Когда мне исполнилось двенадцать, он сделал единственную вещь, которую смог придумать. Ничего не сказав матери, он отвел меня к брадобрею и сделал мне короткую стрижку. Увидев меня, мать разразилась слезами. «Боже мой! Где мой хорошенький маленький Хельмут?» — восклицала она в перерывах между рыданиями. Дни вельветовых костюмчиков и причесок-одуванчиков остались в прошлом. Я так и не поблагодарил отца за то, что он сделал, но это изменило мою жизнь.

ГЛАВА 2. ГОДЫ УЧЕНИЧЕСТВА

Берлин всегда был музыкальным городом. В двадцатые годы и в начале тридцатых американские джазовые ансамбли регулярно выступали в клубах и кабаре, где они пользовались огромной популярностью. Мы сходили с ума по джазу. Я особенно любил Кэба Гэллоуэя, Джека Хилтона, Дюка Эллингтона и все знаменитые группы.

В подростковом возрасте у меня был переносной граммофон под названием «Электрола», хранившийся в небольшом чемоданчике. Он был обтянут черным ледерином, и я дорожил им больше всех остальных своих вещей. Я вырезал картинки из журналов и наклеивал их на ледерин.

В особом отделении под крышкой хранились пластинки на 78 оборотов в защитных конвертах из коричневой бумаги. В нижней части чемоданчика располагался динамик и проигрыватель. По обе стороны от проигрывателя имелись маленькие пазы для хранения стальных игл. Помню красивые оловянные коробочки, в которых продавались иголки, с изображением собаки и надписью «голос его хозяина» на крышке. Эти граммофонные иглы служили очень недолго. Я использовал их до тех пор, пока они не становились совершенно тупыми и царапали пластинки. Когда у меня заканчивались иголки и не было денег, чтобы купить новые, я даже пробовал проигрывать пластинки с помощью ногтя на большом пальце.

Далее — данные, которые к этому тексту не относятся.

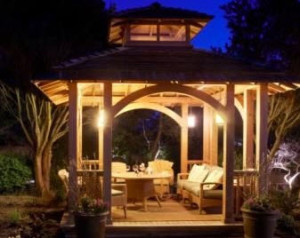 3 Outdoor Gazebo Lighting Ide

Я включал музыку на полную громкость в любое время дня и ночи. Иногда мама заходила ко мне в комнату и спрашивала, почему я не слушаю «Голубой Дунай».

Мне давали уроки игры на фортепиано, но в один прекрасный день учитель музыки решил пощупать мои короткие штанишки, после чего я с криком выбежал из комнаты и больше уже не вернулся туда. Мама была солидарна со мной; ее ужаснуло, что «милый маленький Хельмут» едва не стал гомосексуалистом.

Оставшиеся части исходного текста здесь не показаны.